Material provided
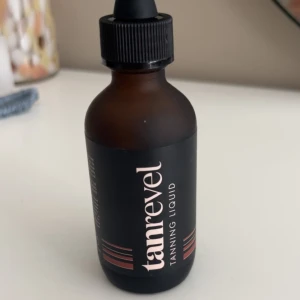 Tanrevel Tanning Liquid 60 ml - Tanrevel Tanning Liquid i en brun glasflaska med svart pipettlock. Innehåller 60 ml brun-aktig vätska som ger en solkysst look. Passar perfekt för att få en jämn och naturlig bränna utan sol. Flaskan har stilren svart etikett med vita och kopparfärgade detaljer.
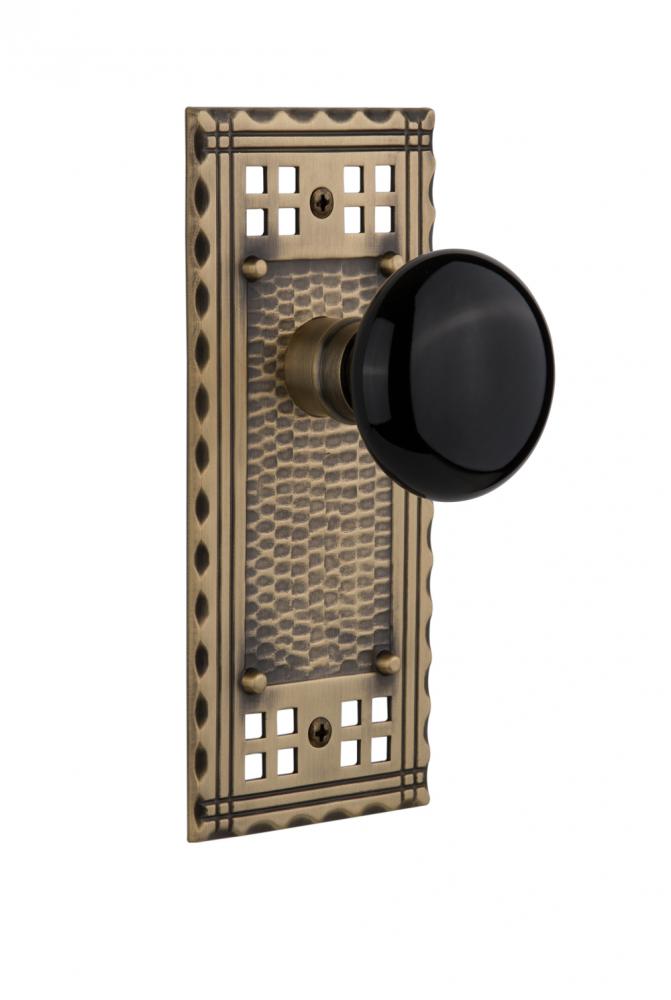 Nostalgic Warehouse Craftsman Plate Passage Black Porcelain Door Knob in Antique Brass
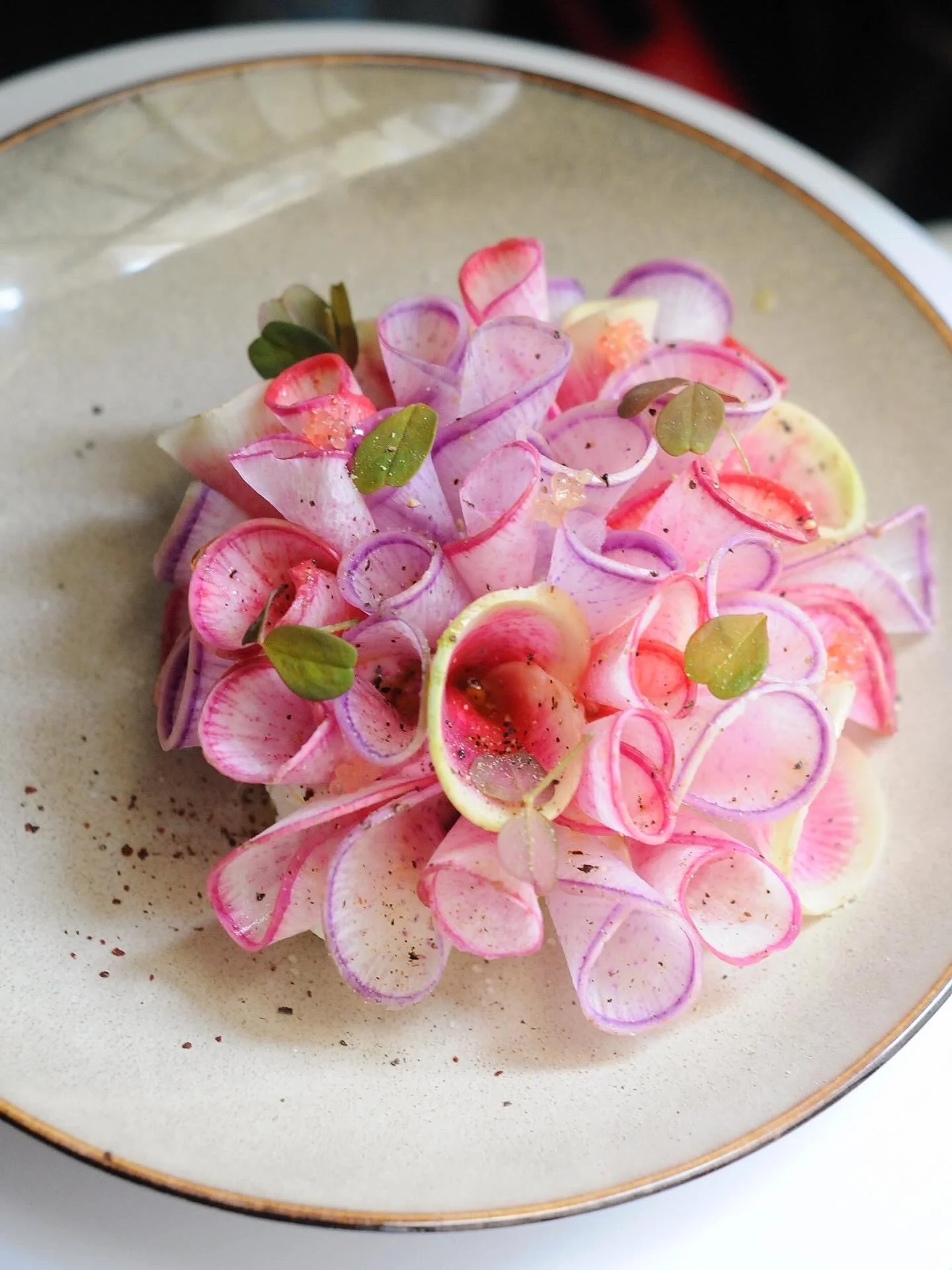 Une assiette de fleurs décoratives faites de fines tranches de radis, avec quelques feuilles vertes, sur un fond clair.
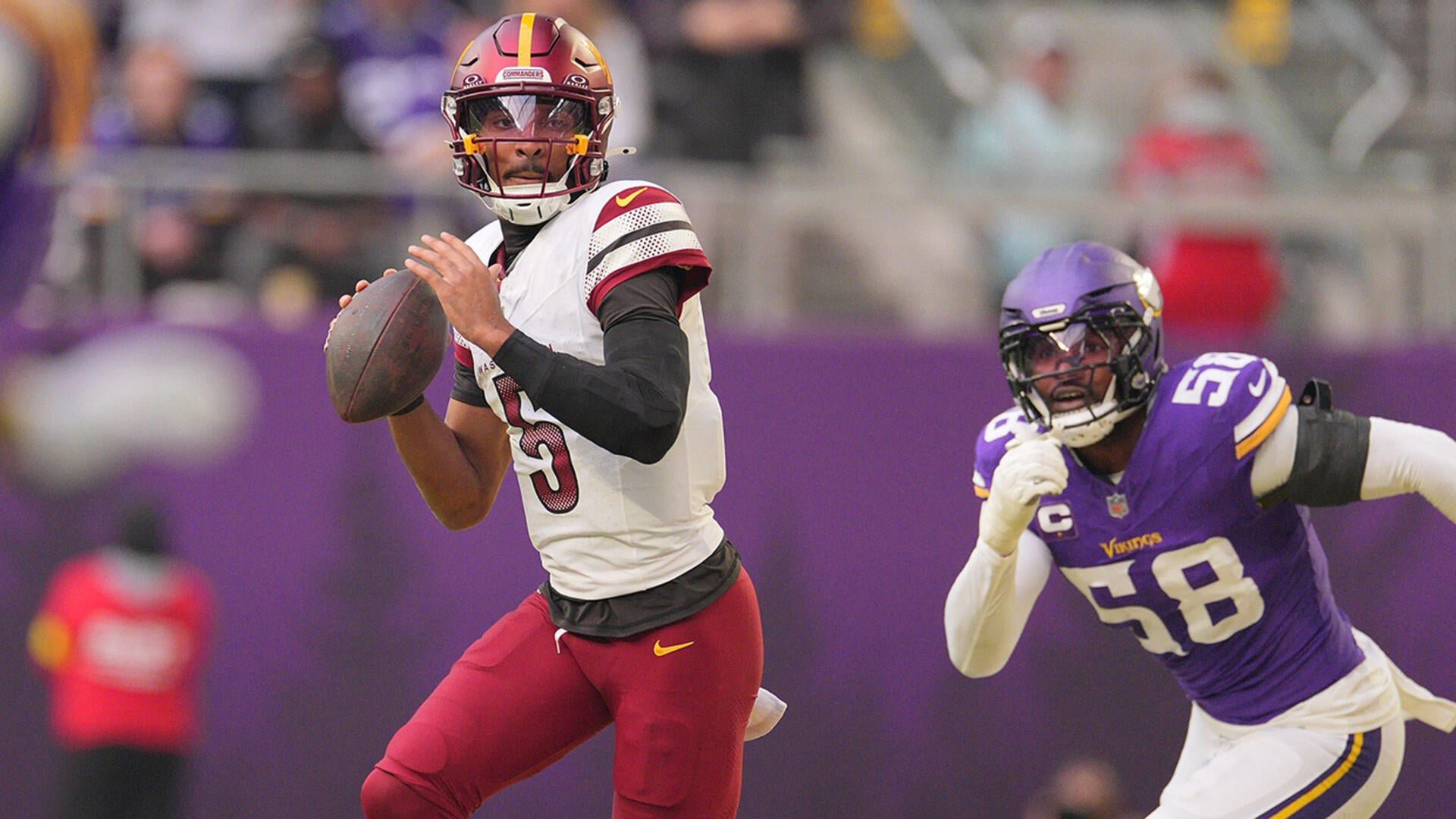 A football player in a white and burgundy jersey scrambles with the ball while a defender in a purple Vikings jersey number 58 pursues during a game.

Task
Output precisely the lines in the material above from the line containing "Une assiette de" through its last line, and omit pictures.

Expected answer
 Une assiette de fleurs décoratives faites de fines tranches de radis, avec quelques feuilles vertes, sur un fond clair.
 A football player in a white and burgundy jersey scrambles with the ball while a defender in a purple Vikings jersey number 58 pursues during a game.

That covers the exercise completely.